LATEST INSIGHTS

Your Present Location :Home > LATEST INSIGHTS

NK overture faces test in Kim-Trump summit

2018-04-23

Source: Global Times    Published: 2018-4-22


Since the beginning of this year, North Korea has adjusted its overall foreign policy. In the past two years, it adopted a confrontational approach toward the international community. Despite all the criticisms and sanctions, Pyongyang continued with its nuclear and missile tests.


But this year, it has apparently changed its stance. Pyongyang has not made any provocative moves and has constantly demonstrated goodwill.


The following reasons contributed to the change.


North Korean leader Kim Jong-un believes that his country`s nuclear and missile technologies are mature, a bargaining chip when negotiating with the US.


Last year, the United Nations toughened its sanctions on North Korea by passing four resolutions, and North Korea felt the pain.


Pyongyang also thinks that it is in a dangerous situation as the US leadership is unpredictable. North Korea used to behave in a mysterious way in engaging with the world. But now the US has adopted a vague approach, making North Korea worry the US might resort to military means.


One thing notable is that former US national security advisor H.R. McMaster was replaced by John Bolton by US President Donald Trump. McMaster showed little interest in North Korea as he focused on the Iranian nuclear crisis. But Bolton holds a hostile attitude toward North Korea and publicly supports military means to solve the North Korean nuclear crisis.

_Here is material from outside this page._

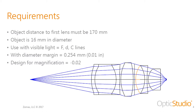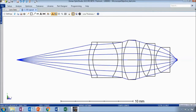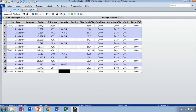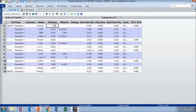I'll switch to OpticStudio. Here I have the sample design file open. This almost matches a design file from ZBase, although we have modified it a little bit. In the lens data editor you can see that my starting spacing between the object and the first surface is 10, but this needs to be changed to 170 millimeters.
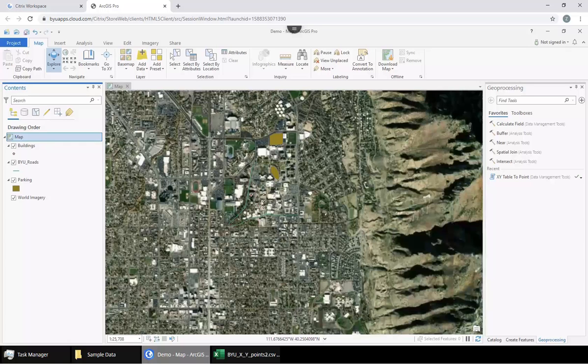Hello 212 students. Today I'm going to show you how you can take an Excel file or a CSV file full of latitude and longitude point coordinates and convert them into a layer that can be displayed on the map.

Kim`s sudden visit to Beijing in late March shocked Western diplomatic and strategic circles. Obviously North Korea has concerns about personnel changes within the US, and so Kim chose that time to visit China.


China is a powerful neighbor. No matter how Pyongyang sees Beijing, it is well aware that China will play a crucial role in solving the North Korean nuclear crisis no matter how the crisis is resolved. Kim`s visit was to seek reassurance from Beijing. Building closer ties with China will help North Korea improve its situation in the international arena.


The abovementioned reasons prompted North Korea`s policy change. China supports such changes and they have already born fruit. Leaders of North Korea and South Korea will meet at Panmunjom on April 27. The US and North Korea will also hold a summit in late May or early June.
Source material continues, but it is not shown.